Look through the data below and extract, unchanged, the lines from the one that contains "JOURNAL STANDARD(ジャーナルスタンダード)の「【WEB限定】ddp/ディーディーピー×JS 別注" to the one that contains "Shivani Bhargava_Brown Chanderi", both included.

EXERCISE MATERIAL
_ _ _

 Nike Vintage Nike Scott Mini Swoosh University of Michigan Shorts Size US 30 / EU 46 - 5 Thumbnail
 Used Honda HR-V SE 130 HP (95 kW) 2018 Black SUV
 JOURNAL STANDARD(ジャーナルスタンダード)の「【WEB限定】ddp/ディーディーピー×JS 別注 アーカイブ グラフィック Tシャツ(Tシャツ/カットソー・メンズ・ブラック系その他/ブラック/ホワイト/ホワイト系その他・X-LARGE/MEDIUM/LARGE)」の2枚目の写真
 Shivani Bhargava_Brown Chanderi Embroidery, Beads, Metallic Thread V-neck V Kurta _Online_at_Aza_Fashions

_ _ _

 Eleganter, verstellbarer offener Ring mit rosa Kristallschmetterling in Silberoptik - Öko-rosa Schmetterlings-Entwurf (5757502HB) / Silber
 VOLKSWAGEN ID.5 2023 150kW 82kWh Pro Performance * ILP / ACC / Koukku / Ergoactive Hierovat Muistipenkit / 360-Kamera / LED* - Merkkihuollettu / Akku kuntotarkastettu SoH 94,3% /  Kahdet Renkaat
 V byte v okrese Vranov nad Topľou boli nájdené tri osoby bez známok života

_ _ _

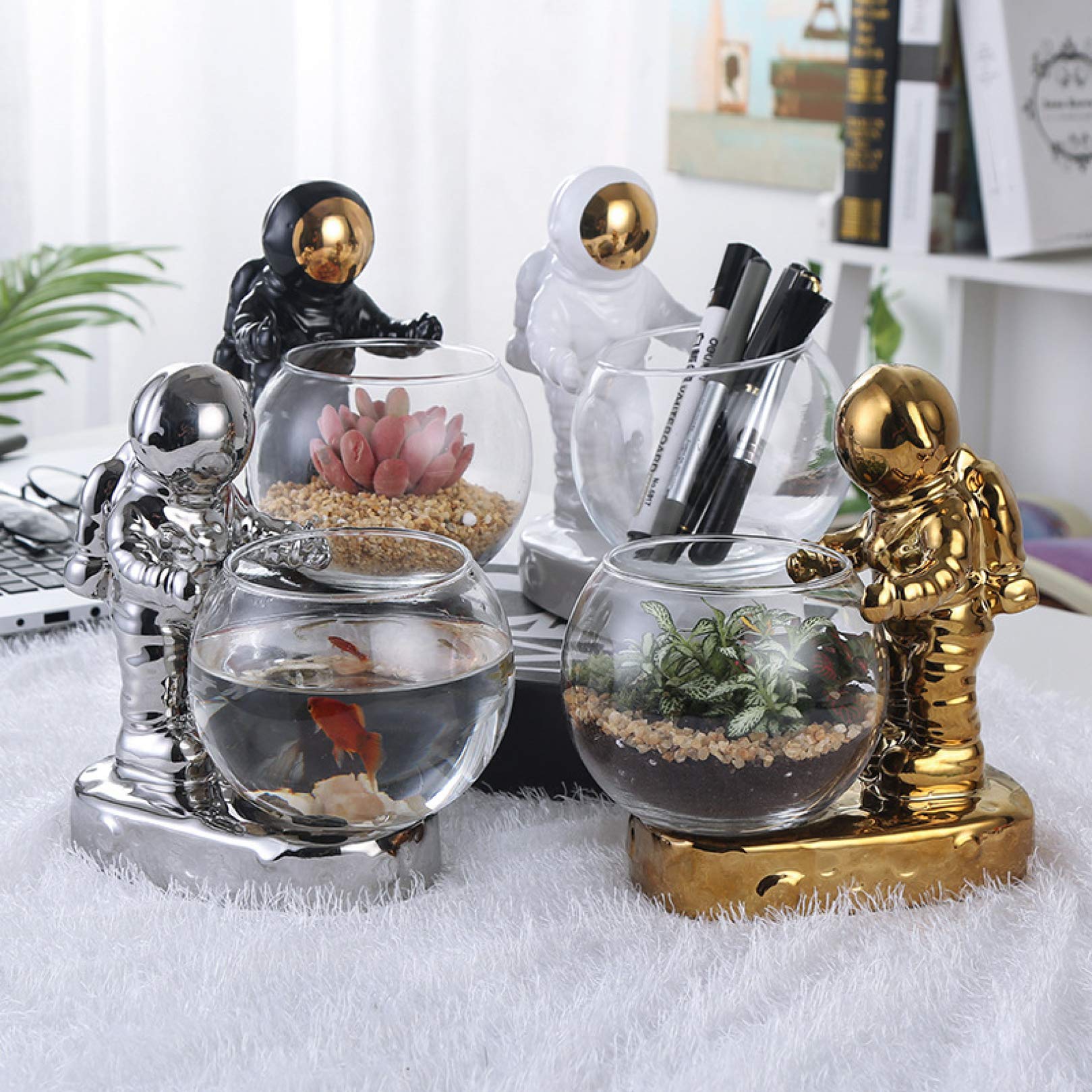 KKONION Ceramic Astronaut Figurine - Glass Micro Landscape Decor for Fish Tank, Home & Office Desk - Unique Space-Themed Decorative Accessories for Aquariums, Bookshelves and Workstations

_ _ _

EXERCISE SOLUTION
 JOURNAL STANDARD(ジャーナルスタンダード)の「【WEB限定】ddp/ディーディーピー×JS 別注 アーカイブ グラフィック Tシャツ(Tシャツ/カットソー・メンズ・ブラック系その他/ブラック/ホワイト/ホワイト系その他・X-LARGE/MEDIUM/LARGE)」の2枚目の写真
 Shivani Bhargava_Brown Chanderi Embroidery, Beads, Metallic Thread V-neck V Kurta _Online_at_Aza_Fashions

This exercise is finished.